DAP calls for a government freeze on all price increases

DAP calls for a government freeze on all price increases

Today, it is widely reported that the price of condensed milk is expected to go up shortly by about five cents a tin. Only last October, the price of condensed milk went up by five cents a tin.

If the Government allows the condensed milk to increase by another five cents, this would mean that in less than eight months the condensed milk has increased in price by 20 per cent.

Milk is an essential commodity, particularly for bringing up healthy children. To allow a 20 per cent increase in the price of condensed milk in eight months is to make it more impossible for the poor parents to bring up their children as healthy and bright citizens of Malaysia – leading to problems like school drop-outs and juvenile delinquency.

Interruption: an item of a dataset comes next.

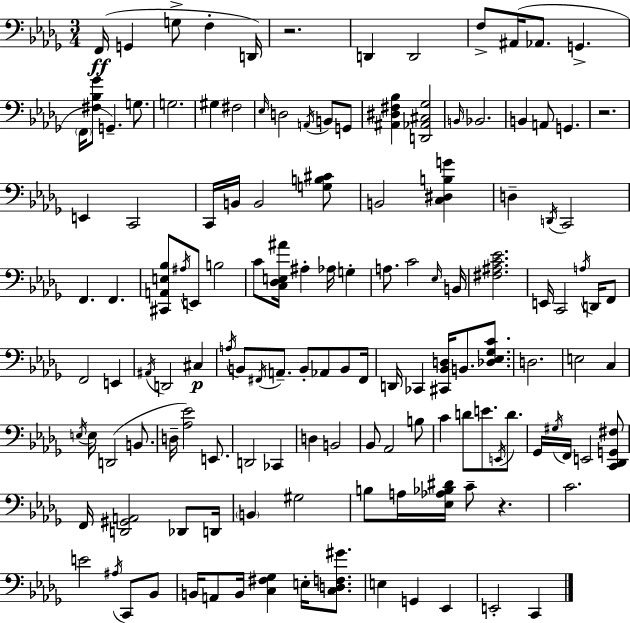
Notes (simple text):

Nowadays, hardly a day passes without one item or other going up in price. This increase in a whole range of consumer necessities, unfortunately, is accompanied by the continuous decline and fall in the rubber price, which has consistently fallen below the 40 cents a pound level, creating large-scale unemployment and reduction in earnings of workers and farmers.

It is shocking that at this period when the people, particularly the poor in the kampongs, the estates, the new villages and the urban slums, are earning less and less (and more and more are earning nothing because of unemployment) the government should allow prices of consumer commodities and essential items to go up one after another.

The most recent example was in the increase by five cents in the price per kati of sugar. This is highly irresponsible decision on the part of the government, for it is the poor who are hardest hit. Coupled with the recent 5% Sales Tax imposed by Tun Tan Siew Sin, the burden and oppression on the poor had never been greater in Malaysian history.

The DAP calls on the Government to freeze all price increases of consumer essentials and daily necessities, and appoint a committee of inquiry to study how the increase in the cost of living has adversely affected the livelihood of the poor in the kampongs, new villages, estates and urban slums.

To lighten the burden and suffering of the poor, I also call on the Government to:

(i) Withdraw its approval for the increase of the price of sugar by five cents a kati, and allow the free entry of sugar into Malaysia from China;
(ii) Repeal the 5% Sales Tax, which has far-reaching consequences in next raising the cost of living in the country.